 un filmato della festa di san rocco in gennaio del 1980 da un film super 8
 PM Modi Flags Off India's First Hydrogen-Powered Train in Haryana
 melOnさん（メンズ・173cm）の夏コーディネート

--- Exercise requirements ---
Copy out the whole listing, exactly as written.

--- Answer box ---
 un filmato della festa di san rocco in gennaio del 1980 da un film super 8
 PM Modi Flags Off India's First Hydrogen-Powered Train in Haryana
 melOnさん（メンズ・173cm）の夏コーディネート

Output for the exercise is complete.